Prague’s DOX to commemorate Tiananmen Sq. massacre with unveiling of Liu bust

Source: Radio Praha / www.radio.cz / By Ruth Fraňková /

A bust of the late Chinese dissident and Nobel Peace Prize winner Liu Xiaobo is due to be unveiled at Prague’s DOX gallery this coming Monday. The ceremony is part of an event commemorating the 30th anniversary of the Tiananmen Square massacre. Among the guests will be Liu Xiaobo’s widow and two of the former student leaders.

 

The event commemorating the student-led protests in Beijing’s Tiananmen Square is organised in cooperation with Amnesty International, the Vaclav Havel Library and the Václav Havel Library Foundation, and Humanitarian China, an organization promoting rule of law in China and raising money for Chinese political prisoners. One of its initiators is the Irish human rights activist Bill Shipsey:

The primary reason of the event is to commemorate the 30th anniversary of the commencement of the Tiananmen Square protests, which started on April 15, 1989.
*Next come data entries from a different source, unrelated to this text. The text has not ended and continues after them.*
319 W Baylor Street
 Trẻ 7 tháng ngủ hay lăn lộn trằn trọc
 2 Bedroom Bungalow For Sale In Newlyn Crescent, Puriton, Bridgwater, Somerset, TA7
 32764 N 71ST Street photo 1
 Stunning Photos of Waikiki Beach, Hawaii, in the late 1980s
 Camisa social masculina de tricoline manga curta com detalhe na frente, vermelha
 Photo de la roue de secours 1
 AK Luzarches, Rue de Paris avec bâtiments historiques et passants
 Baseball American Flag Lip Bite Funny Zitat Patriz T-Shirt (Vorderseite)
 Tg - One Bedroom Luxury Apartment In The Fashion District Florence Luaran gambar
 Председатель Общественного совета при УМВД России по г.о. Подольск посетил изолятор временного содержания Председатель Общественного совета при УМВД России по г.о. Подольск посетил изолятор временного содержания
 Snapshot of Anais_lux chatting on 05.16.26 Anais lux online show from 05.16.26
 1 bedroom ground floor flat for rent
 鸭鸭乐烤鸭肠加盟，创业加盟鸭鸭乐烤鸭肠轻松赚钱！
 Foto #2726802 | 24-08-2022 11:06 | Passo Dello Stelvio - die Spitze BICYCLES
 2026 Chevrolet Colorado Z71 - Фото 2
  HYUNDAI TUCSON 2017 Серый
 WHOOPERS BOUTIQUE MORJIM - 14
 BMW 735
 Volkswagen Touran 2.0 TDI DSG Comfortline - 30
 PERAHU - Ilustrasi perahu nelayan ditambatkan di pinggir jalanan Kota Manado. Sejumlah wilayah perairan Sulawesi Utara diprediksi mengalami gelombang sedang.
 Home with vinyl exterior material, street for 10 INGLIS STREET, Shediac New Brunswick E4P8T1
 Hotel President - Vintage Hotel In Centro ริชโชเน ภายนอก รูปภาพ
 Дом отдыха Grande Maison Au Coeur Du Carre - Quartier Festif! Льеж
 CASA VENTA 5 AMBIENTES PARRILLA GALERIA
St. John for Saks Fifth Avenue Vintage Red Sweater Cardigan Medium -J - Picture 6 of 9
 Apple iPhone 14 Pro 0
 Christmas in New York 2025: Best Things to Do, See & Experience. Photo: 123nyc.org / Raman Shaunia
And secondly we want to honour the memory of the great Chinese leader Liu Xiaobo who died in 2017 and for that purpose I commissioned a bronze bust of Liu Xiaobo together with another Chinese friend of mine, Fengsuo Zhou.

Fengsuo Zhou, one of the former leaders of the Tiananmen Square protests, who currently lives in the United States, will also be attending Monday’s event at DOX. He hopes it will help to bring attention to the human rights situation in China:

With this we want to commemorate Liou Xiaobo, remember his spirit and make sure that his ideal is still alive and that his legacy can bring change to China.

To us it is very important to tell the world that China is a regime which treats its own people with cruelty and it can never be a force of peace in the world.

The late dissident Liu Xiaobo was one of the founders of Charter 08, a Chinese human rights initiative directly inspired by Czechoslovakia’s Charter 77. The last time that he was imprisoned was in connection with the establishment of the manifesto, explains Mr Shipsey.

He drew his inspiration from the Czechoslovakian Charter 77 drawn up by Václav Havel and others. And it was that Charter 08 signed by him and a number others that led to his arrest on December 8, 2008 and to him ultimately getting a prison sentence of eleven years from which sadly he never was released.

Liu Xiaobo died in 2017 after battling liver cancer while on medical parole. He was the first Nobel laureate to die in custody since 1938.

Liu Xiaobo
Liu Xiaobo, photo: Voice of America

One of the main guests at the commemorative event at DOX will be his widow, Liu Xia. The gallery will showcase an exhibition of photographs and poems she created when her husband was imprisoned. They exhibition will run until June 5, the day when the actual massacre took place in Tiananmen Square.

It is the second time her photos will be display at DOX. Her first exhibition took place back in 2014, when Liu Xia was still under house arrest. She has since been released and is currently living in Germany.